The bet on foreign equities has forced authorities to rethink how to stabilise the won as it trades near levels unseen since the global financial crisis, exposing the limits of existing policy tools.

PLEA TO BRING MONEY HOME

In a plea to bring money home, South Korea late last year announced plans to exempt capital gains tax on overseas stocks if investors sold them and reinvested proceeds in domestic stocks within a one-year window. Authorities also encouraged exporters to convert more foreign earnings into ⁠won and pushed the National Pension Fund to sell dollars.

Despite all ​that, the won has weakened 0.9% so far this year to 1,451.8.

Korean retail investors held a record of nearly $171 billion in overseas stocks as of January 29, according to the Korea Securities Depository data, back above $170 billion for the first time in three ‍months and adding to pressure on the won.

Last month, net purchases of U.S. stocks by domestic investors hit $5.0 billion, more than double December's $1.9 billion.

The splurge on U.S. stocks comes even as the local Kospi benchmark almost doubled in the past year, becoming the world's best-performing equity ​index.

Seong Ki-yong, a strategist at Societe Generale in Hong Kong, noted, however, that Korean investors' long-standing preference for U.S. stocks remains intact, despite Kospi gains.

"That's why a Kospi rally keeps accelerating a switch by investors to U.S. equities."

Bank of Korea Governor Rhee Chang-yong said last month that authorities were reviewing the impact of the package of measures introduced to support the won in the last week of 2025.

"We can't say for certain that the FX stabilisation measures implemented at the end of last year were completely ineffective. However, the process did reveal some weaknesses," Rhee said.

A finance ministry official also said at the time they had verified patterns showing the main driver of the won's weakness was domestic demand for dollars, not foreign speculators.

Dollar deposits held by local residents hit a record $119.43 billion in December, marking their sharpest ever monthly increase, BOK data showed.

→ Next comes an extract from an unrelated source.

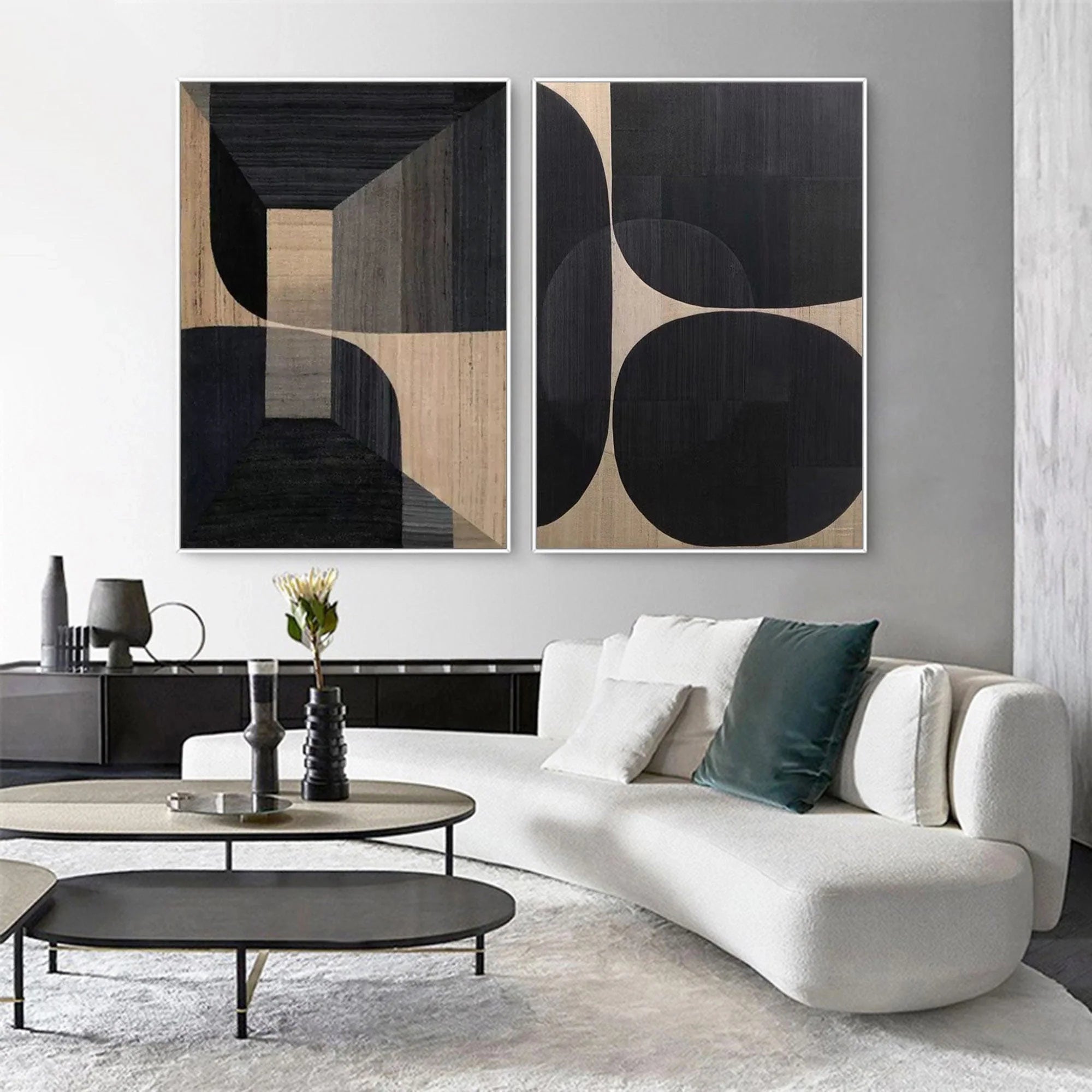 Set of 2 Geometric Wabi Sabi Abstract Painting Original by Artist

Investors also appeared unfazed when U.S. Treasury Secretary Scott Bessent offered rare verbal support for the won, last month saying it "was not in line with Korea's strong economic fundamentals."

CAPITAL CONTROLS?

Analysts argue that investor behaviour is weakening the influence South Korean officials once held over the foreign exchange market, when the won traded mostly through dozens of authorised local institutions.

Some officials have floated the idea of reintroducing capital controls to support the won, but ⁠this runs counter to Seoul's simultaneous effort to relax rules for offshore won transactions and internationalise the currency to secure a developed-market status ‌from MSCI Inc.

Citigroup economist Kim Jin-wook says outflows could maintain downward pressure on the won unless Seoul makes major changes to the National Pension Service's foreign exchange strategies given its growing portfolio of overseas shares.

"The government-led discussion for NPS' new framework could provide a roadmap for flexible FX hedges as well as dollar-denominated bond issuance in the first half," Kim said, noting policymakers could slow the fund's overseas investment or sell more dollar forwards ‌to underpin the won.

Underscoring ⁠those policy limitations, Yoon Hyun-jung, a 44-year-old retail investor, sold some shares in U.S.-listed Nuscale Power Corp. late last year to avoid the 22% capital gains tax, only to buy more U.S. shares this year.

"I sleep better having ⁠them," said Yoon.

"Domestic stocks kind of feel more like some sort of bubble."